My problem is when my C# app tries to use the filters -- I have to get .NET to instantiate the COM object as a COM object and not a managed dotnet object. This is because I've implemented a filter selection utility (like GraphStudioNext's insert filter from a list feature) and I can't add a reference to the assembly at compile time -- someone could write a custom .NET DirectShow filter with their own ComImport'ed IBaseFilter. This will cause problems when my code tries to cast the type to IBaseFilter even though their IBaseFilter and my IBaseFilter share the same Guid. As a COM object, this would be no problem. As a .NET object, they're actually different types.

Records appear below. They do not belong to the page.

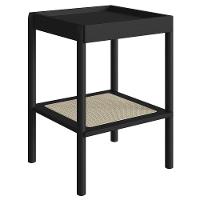 Mesa Lateral Com Prateleira Pés Madeira Arlo A10 Nero-preto - Mpozenato - 1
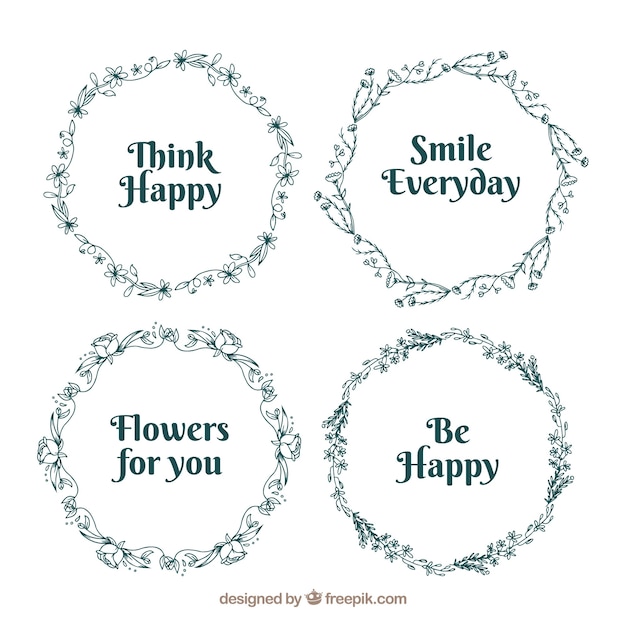 Free vector floral wreath with quote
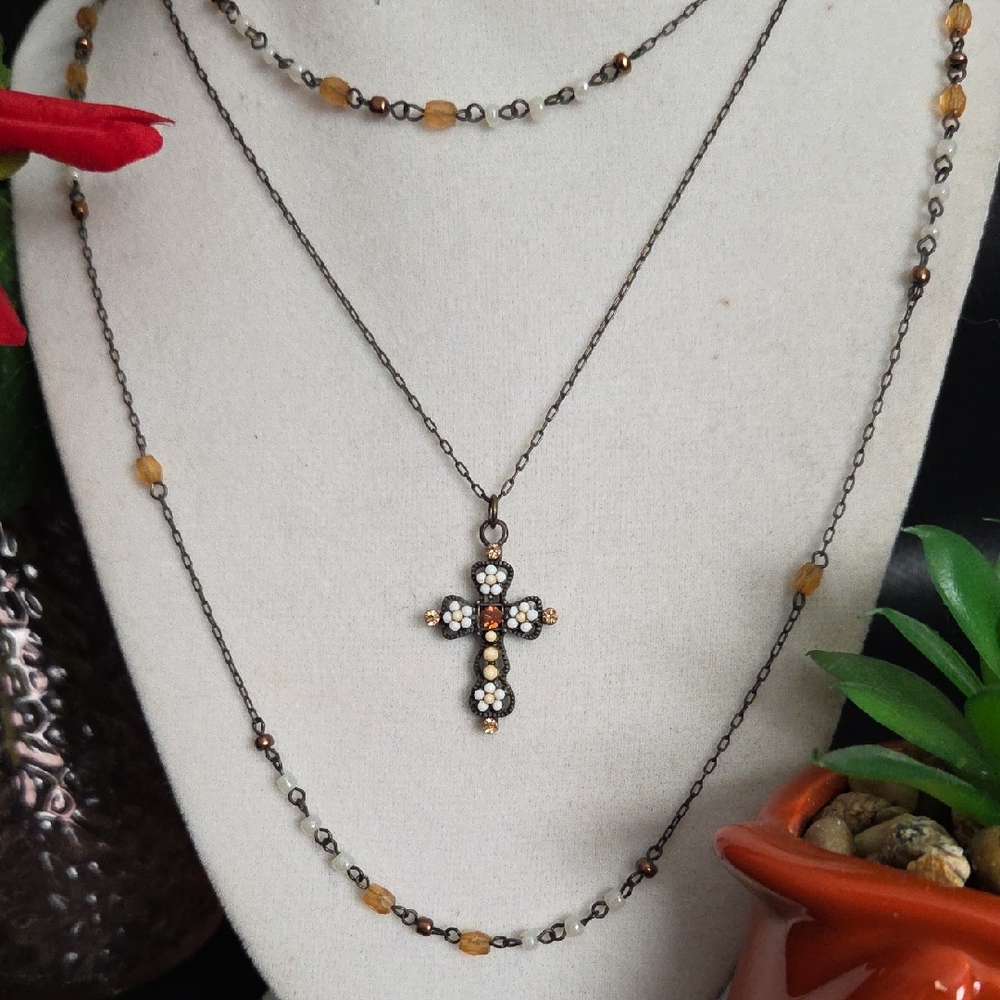 New York And Company 3 Chain Cross Pendant Necklace with Gold Accents
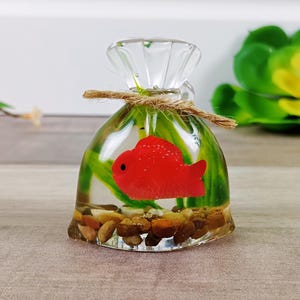 Tiny Handmade Resin Bagged Goldfish Figurine | Kawaii Paperweight | Cute Desk Decor | Cute Office Decor | Friendship Gift | Ocean Lover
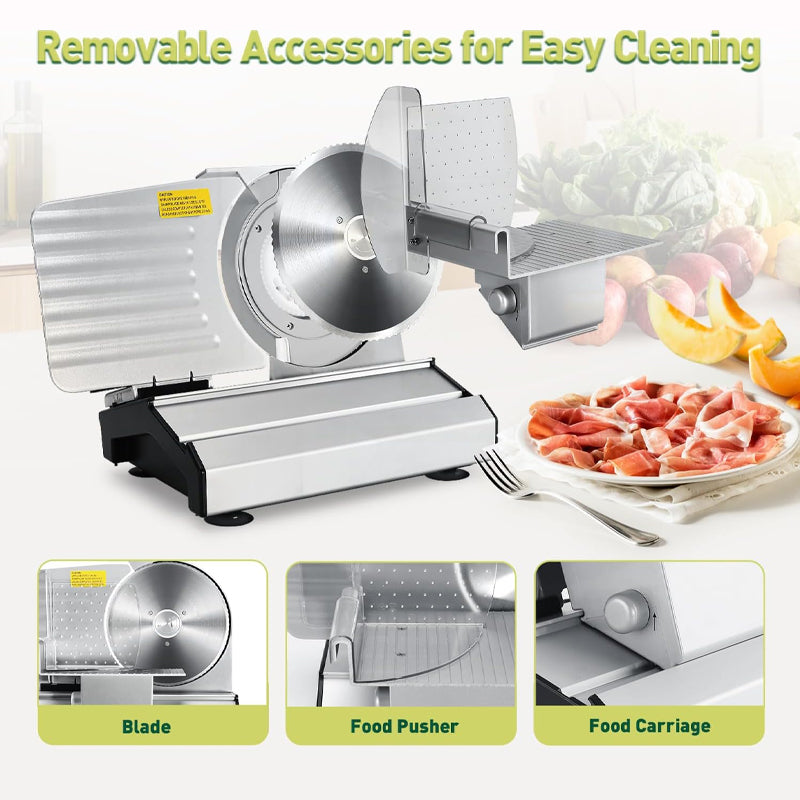 Electric Meat Slicer with Two 7.5" Stainless Steel Blades Adjustable Thickness Deli Food Slicer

Say one inteded to write GraphStudioNext in C# and have it work with pure .NET DirectShow filters -- is this even possible?


Solution

  • A good question. I dealt with a somewhat similar problem here. Indeed, [ComImport] interface type equivalency doesn't work when you deal with a native .NET object directly. You need to hide the .NET object behind an artificial COM proxy for the COM interface equivalency to work.

    In the solution to my question, I initially used ICustomQueryInterface and Marshal.CreateAggregatedObject to aggregate the .NET object, to expose it as COM object for that reason.

    Later, I ended up implementing my own IUnknown runtime stub (using Marshal.GetFunctionPointerForDelegate for AddRef, Release and QueryInterface), which I used as pOuter (the controlling IUnknown) object for CreateAggregatedObject, so it didn't violate COM identity rules. That was hack-ish, but it solved the problem for me.